2-L’essoufflement et les difficultés respiratoires

Une dyspnée, difficulté à respirer, qui s’installe progressivement peut signaler plusieurs types de cancers, notamment pulmonaires. Si vous remarquez que vous êtes essoufflé en montant un escalier que vous gravissez habituellement sans problème, soyez vigilant.

Cette dyspnée s’associe parfois à d’autres symptômes comme une respiration sifflante ou une voix rauque.   Ces troubles respiratoires sont d’autant plus préoccupants qu’ils s’aggravent en position allongée ou qu’ils s’accompagnent de douleurs thoraciques.

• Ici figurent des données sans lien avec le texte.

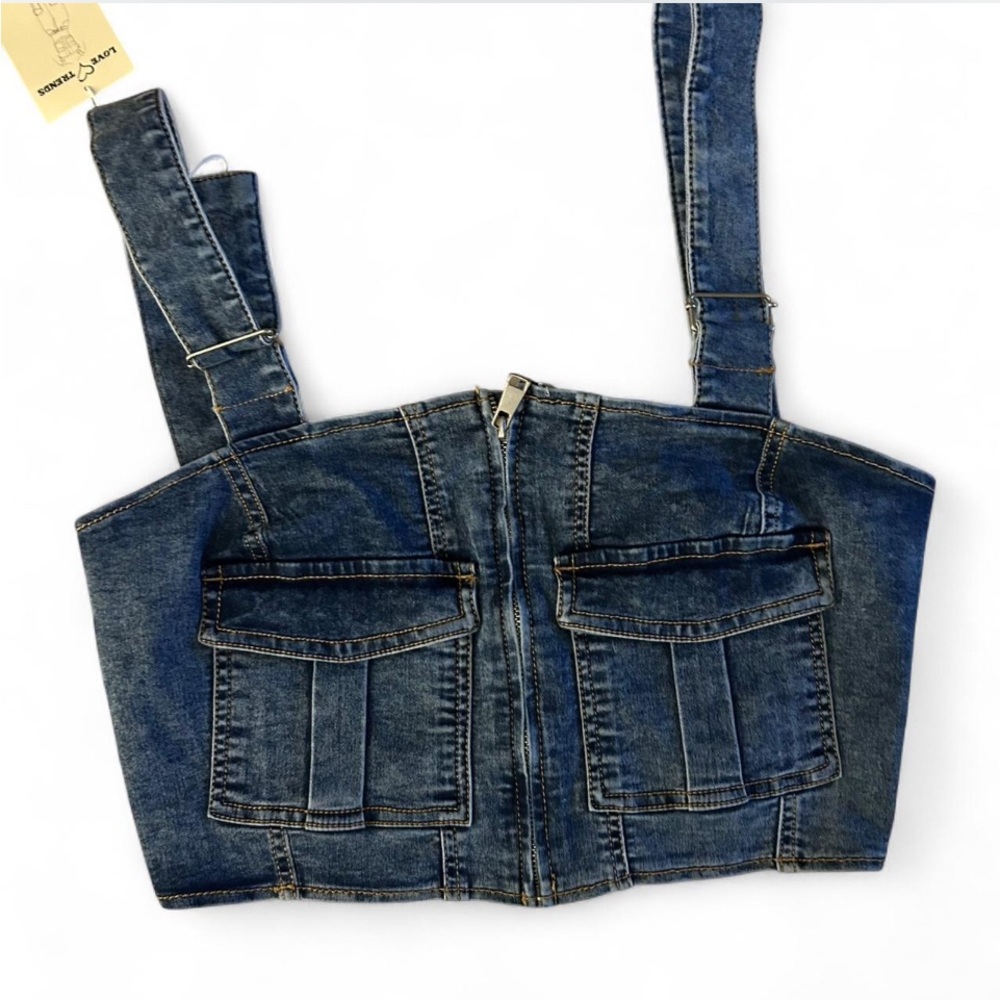 Denim Crop Top with Pockets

Comment savoir si on a un cancer : Agir face à ces signaux d'alerte

1-La démarche de consultation médicale

Face à ces signaux d’alerte, la première étape consiste à consulter votre médecin traitant. Ne remettez pas cette visite à plus tard, un diagnostic précoce peut littéralement sauver votre vie. Pour rendre cette consultation plus efficace :

  • Préparez un journal des symptômes : notez quand ils sont apparus, leur fréquence, leur intensité et ce qui les aggrave ou les soulage.
  • Listez vos antécédents médicaux et ceux de votre famille, particulièrement les cas de cancer.
  • N’omettez aucun détail, même ceux qui vous semblent anodins ou embarrassants, ils peuvent être déterminants pour votre médecin.

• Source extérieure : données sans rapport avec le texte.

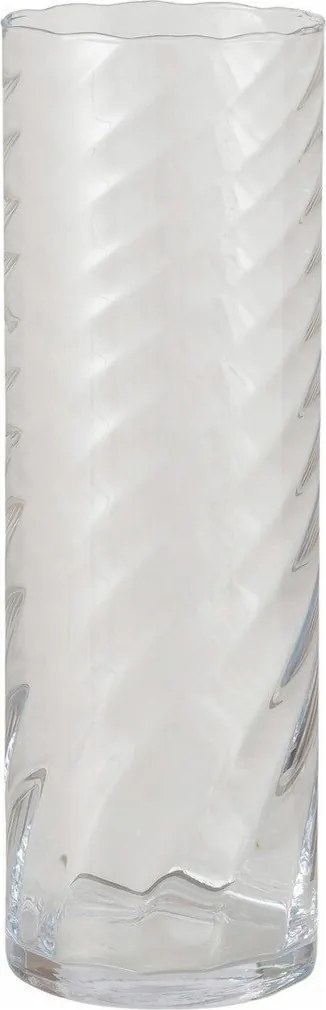 Üveg Váza Átlátszó Hengeres Dekoratív Fehér 45 X 15 CM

2-Les examens de dépistage disponibles

La médecine moderne dispose d’une vaste gamme d’outils diagnostiques. Selon vos symptômes, votre médecin pourra prescrire :

  • Des analyses sanguines recherchant des marqueurs tumoraux ou une anémie souvent associée aux cancers digestifs.
  • Des examens d’imagerie comme la radiographie, l’échographie, le scanner ou l’IRM.
  • Des explorations endoscopiques (coloscopie, gastroscopie) permettant d’examiner directement les organes suspects et d’effectuer des biopsies si nécessaire.

Comment savoir si on a un cancer : La conclusion

La vigilance face aux signaux d’alerte du cancer constitue votre meilleure protection. N’oubliez pas que la présence d’un seul de ces symptômes ne signifie pas nécessairement que vous avez un cancer, mais leur persistance doit vous amener à consulter.

Les progrès médicaux permettent aujourd’hui de guérir de nombreux cancers, à condition qu’ils soient détectés tôt. « Le cancer n’est plus une fatalité, c’est une maladie contre laquelle nous disposons d’armes de plus en plus efficaces. »

Écoutez votre corps, soyez attentif à ses signaux, et n’hésitez jamais à consulter un professionnel de santé face à un symptôme persistant ou inquiétant. Votre vie peut en dépendre.